━━ RECORDS PROVIDED

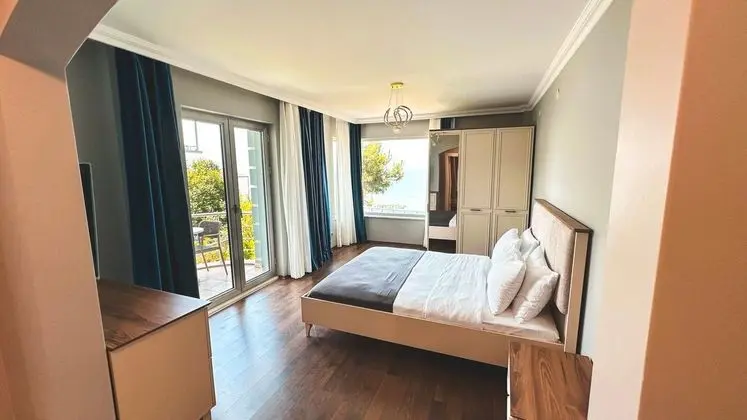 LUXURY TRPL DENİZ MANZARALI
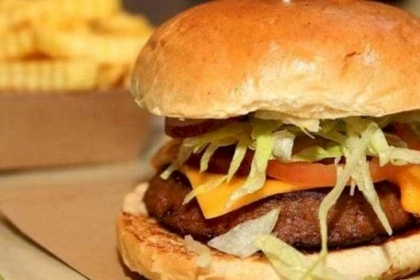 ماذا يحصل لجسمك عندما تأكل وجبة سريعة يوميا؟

━━━━
━━ RECORDS PROVIDED

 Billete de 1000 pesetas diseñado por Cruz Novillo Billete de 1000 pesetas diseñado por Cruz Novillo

━━━━

### THE PROBLEM
Above are some records; extract exactly the lines from the one containing "LUXURY TRPL DENİZ MANZARALI" through the one containing "ماذا يحصل لجسمك عندما تأكل وجبة سريعة يوميا؟" and drop the pictures.

### RESULT FOR THIS EXERCISE
 LUXURY TRPL DENİZ MANZARALI
 ماذا يحصل لجسمك عندما تأكل وجبة سريعة يوميا؟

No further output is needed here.